Ida B. Wells, une journaliste d’enquête qui, au péril de sa vie, a exposé les horreurs du lynchage vers la fin des années 1890, a reçu cette semaine une citation spéciale posthume du prix Pulitzer* en récompense de ses reportages percutants, source d’inspiration pour des générations de journalistes.
Le jury a ainsi rendu hommage à cette femme remarquable pour ses « reportages exceptionnels et courageux sur la violence horrible et perverse à l’encontre des Afro-Américains à l’époque des lynchages ». La citation s’accompagne d’un legs d’au moins 50 000 dollars. Les bénéficiaires du legs seront annoncés à une date ultérieure.
Le conseil d’administration du prix Pulitzer a annoncé cet honneur lundi dernier, au lendemain de la Journée mondiale de la liberté de la presse. Pour un grand nombre de gens, l’œuvre d’Ida Wells définit la liberté de la presse.
La journaliste a dénoncé avec courage les atrocités commises contre son groupe racial à une époque où les femmes n’avaient pas le droit de vote. Ses enquêtes, dévoilées bien après l’abolition de l’esclavage, ont révélé les méthodes violentes employées par des groupes de Blancs pour maintenir leur domination sur les Afro-Américains.

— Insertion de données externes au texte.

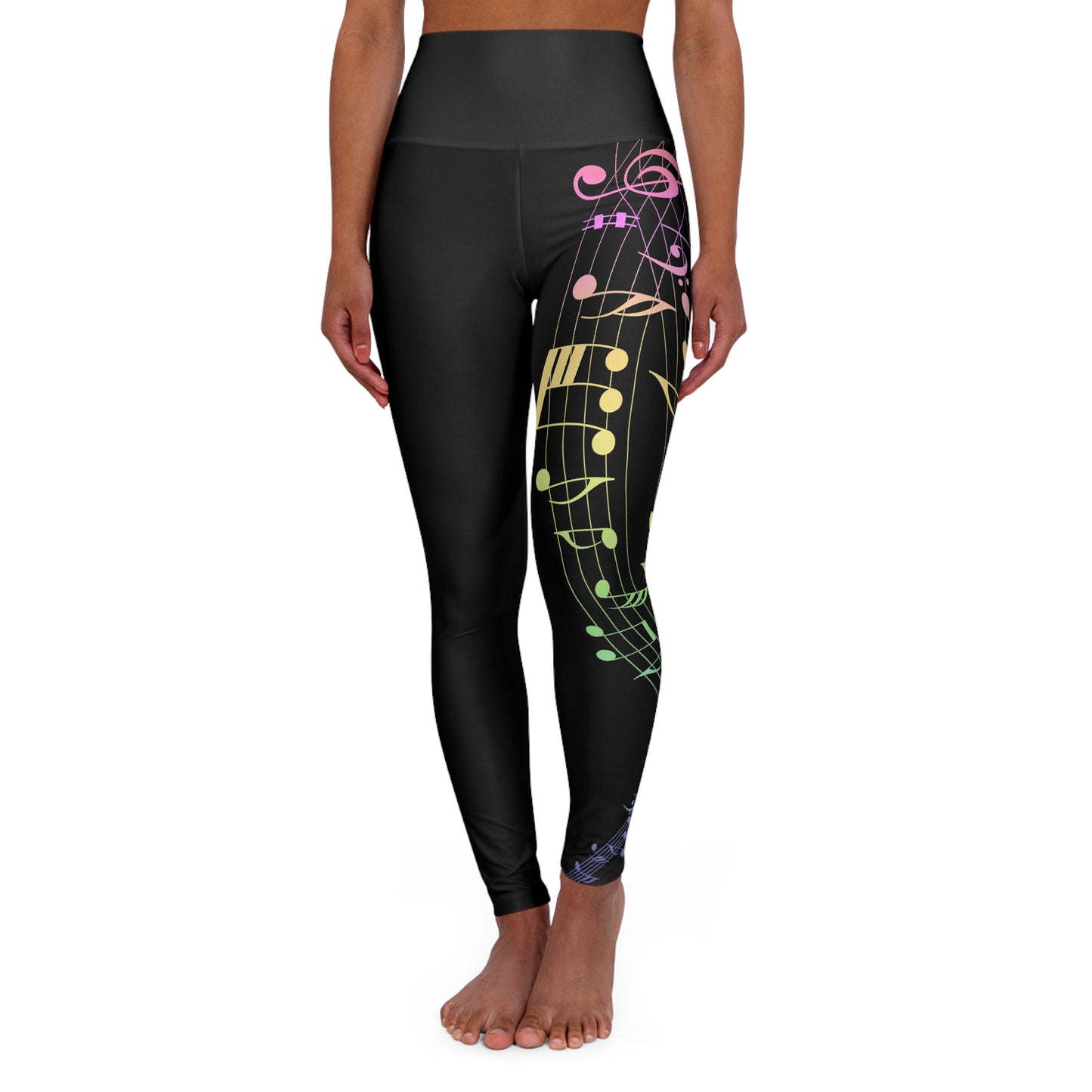 Music Lover High Waisted Yoga Leggings (AOP)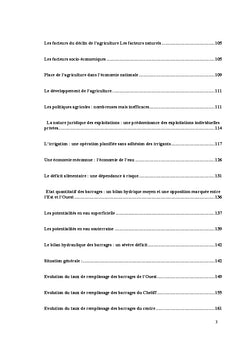 Etat des barrages et la politique hydraulique en Algérie. Quel état ?
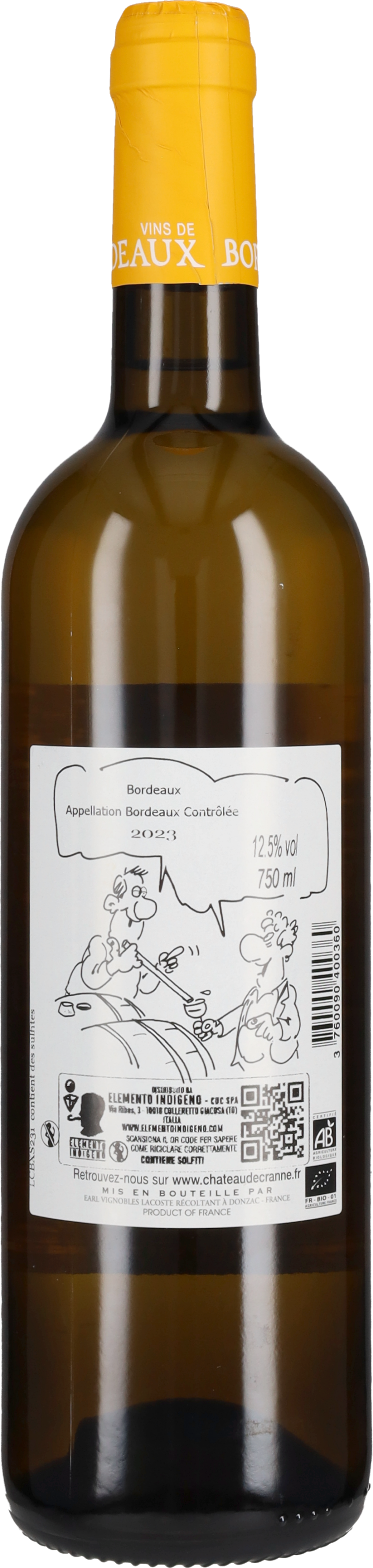 Château De Cranne Bordeaux Blanc 'Jardiner' Chateau de Cranne 2025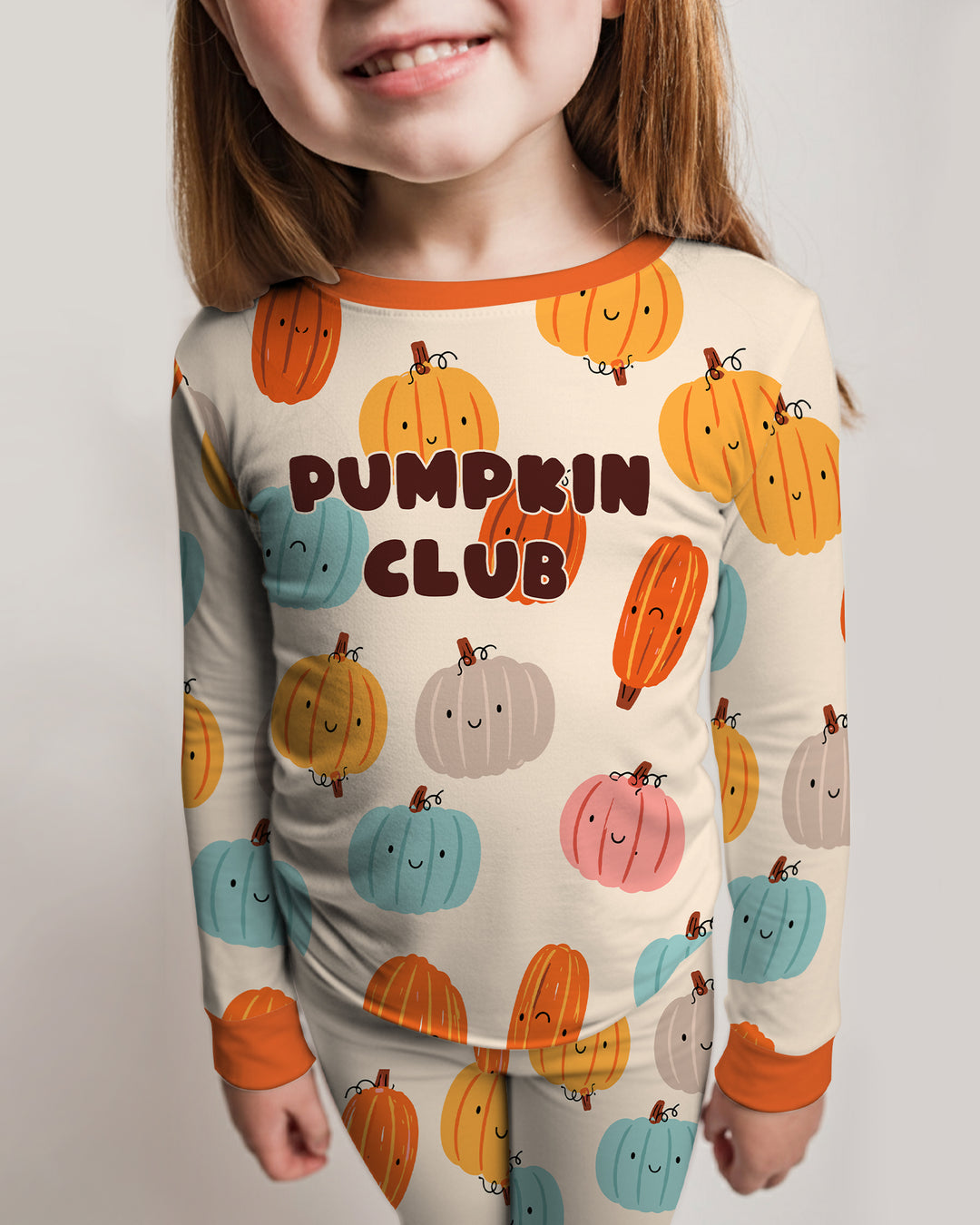 Mommy's Little Pumpkin  Bamboo Two Piece Long Sleeve Pajama Set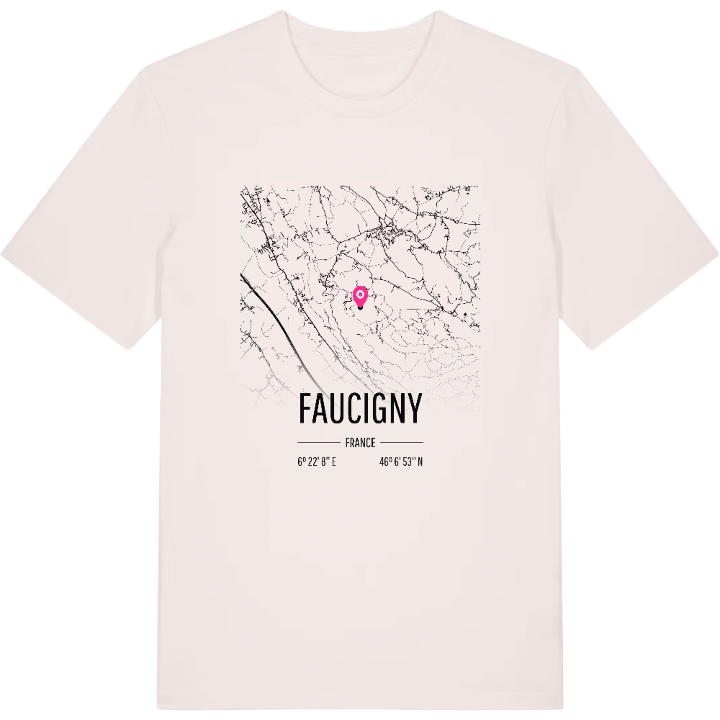 Faucigny kort T-shirt – t-shirt fra PinShirt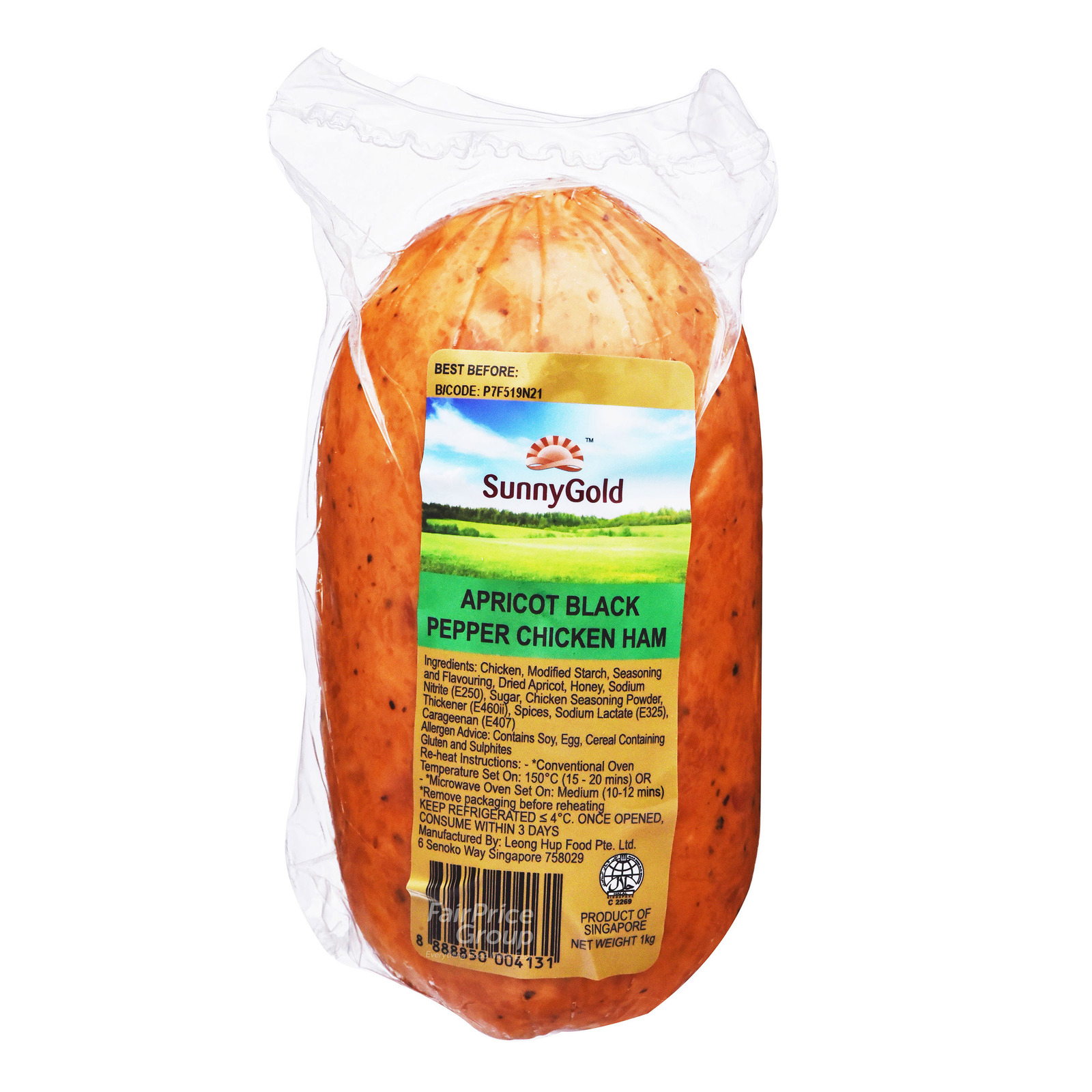 Sunny Gold Chicken Ham Apricot Black Pepper NTUC FairPrice
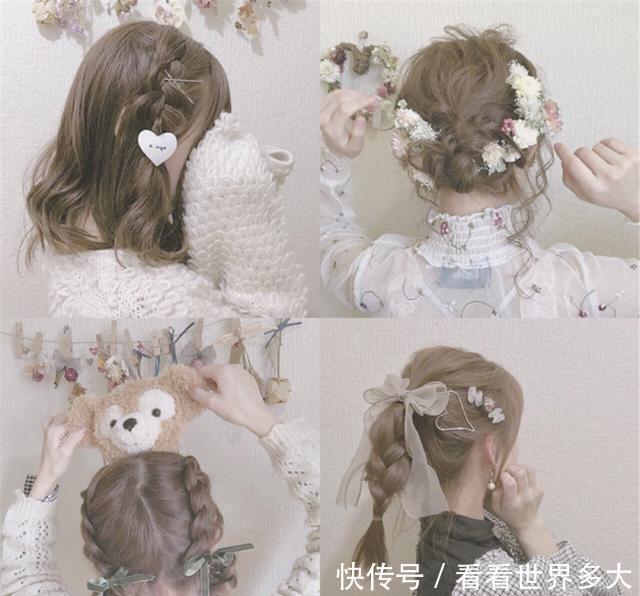 种草机|想要成为洛丽塔种草机,你得先学会编这几种lo式发型,属实复杂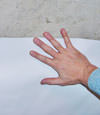 closeup of a plastic basement wall covering on concrete in New Kensington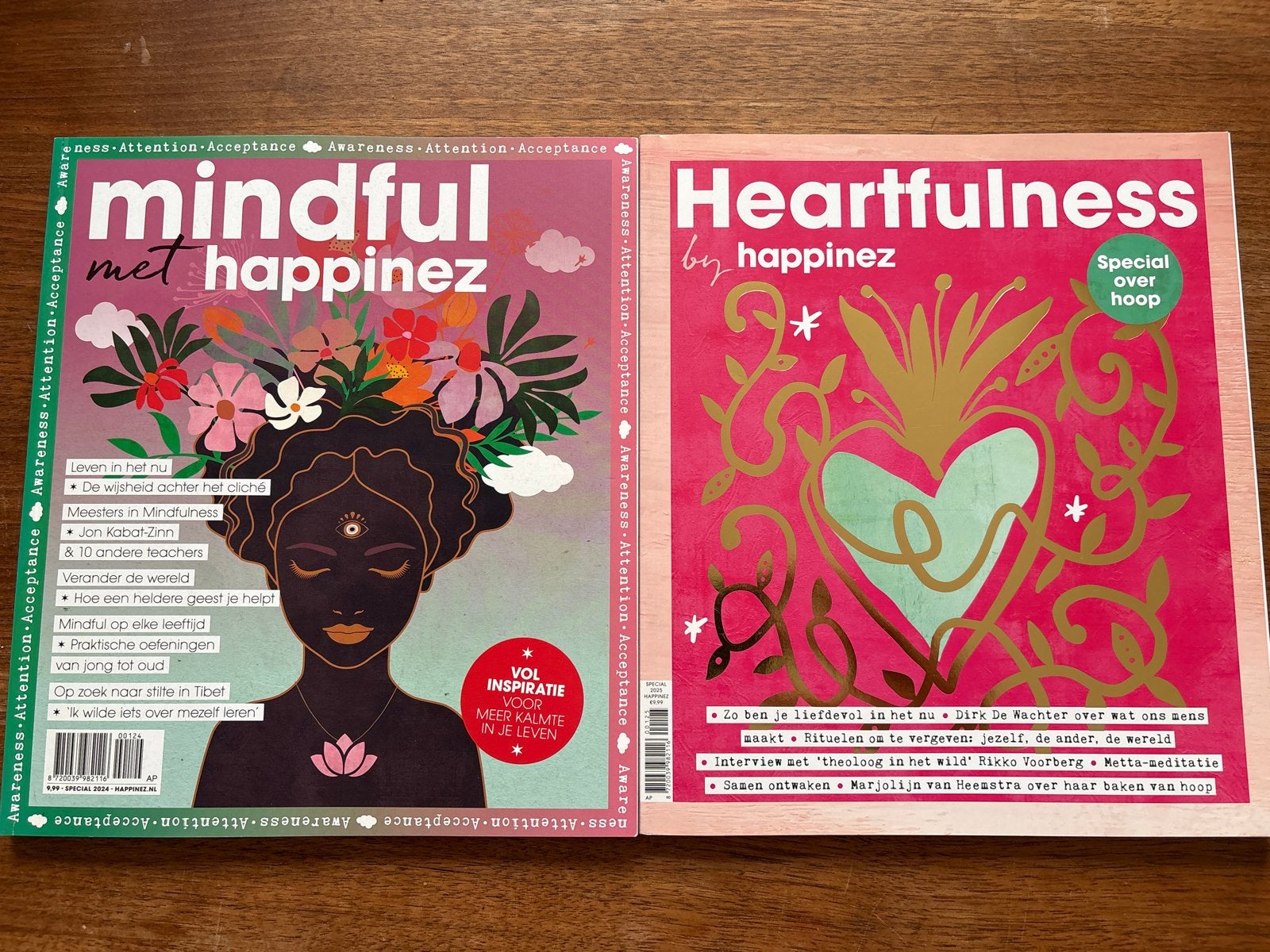 Mindful met Happinez & Heartfulness by Happinez (2 magazines, Boeken, Ophalen of Verzenden, Gelezen, Lichaam en Geest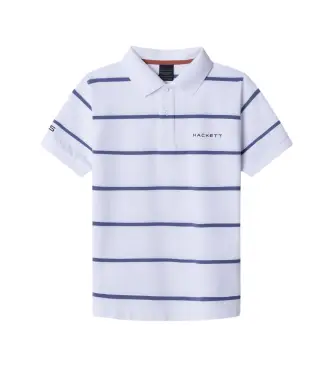 per ragazzo HK5600019 Polo a righe bianche HS (2 años = cm), Bianco, Casual, Cotone, Manica corta, moda per bambini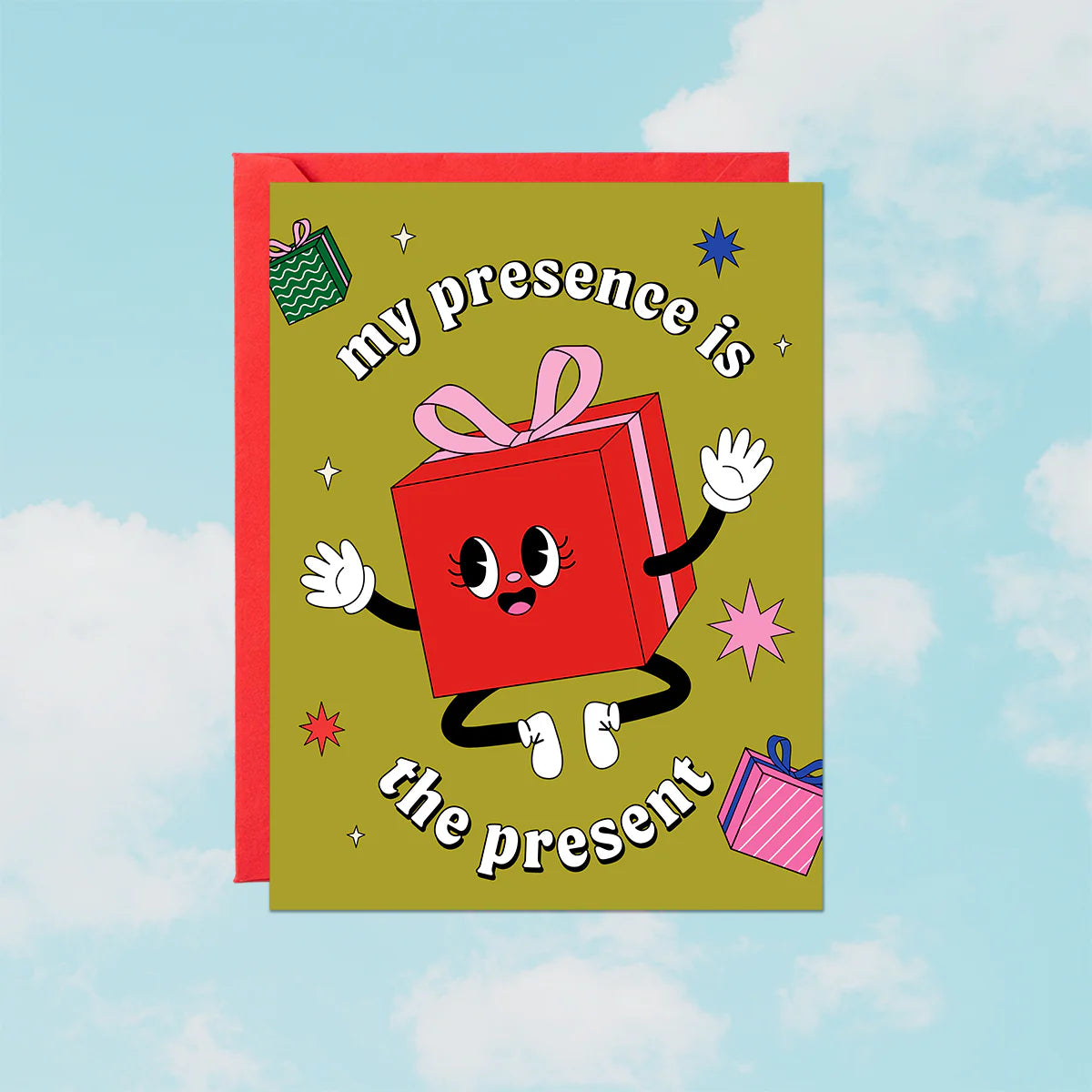 My Presence Present Card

« La seule chose qu’elle avait, c’était la vérité », a déclaré Michelle Duster, son arrière-petite-fille, au Chicago Tribune*. « Et le journalisme lui a servi d’outil non seulement pour rapporter ce qui se passait, mais aussi, au mieux de ses capacités, pour influencer un changement social. »
Née dans l’esclavage au Mississippi en 1862, Ida Wells a ouvert la voie aux militants et reporters des générations à venir.
Elle a participé au lancement de la croisade nationale contre les lynchages à Memphis, dans le Tennessee, où elle était copropriétaire, rédactrice en chef et reporter du journal Free Speech and Headlight. Elle a publié des articles condamnant les meurtres extrajudiciaires. Elle a passé plusieurs mois à sillonner le Sud, toute seule, pour enquêter sur des centaines de lynchages.
Quand les locaux de son journal ont été saccagés par une foule en colère, elle a décidé de quitter Memphis une fois pour toutes. Elle s’est installée à Chicago, où elle a publié les résultats de ses enquêtes dans deux livrets, Southern Horrors (1892) et A Red Record (1895), un rapport riche en détails et données chiffrées.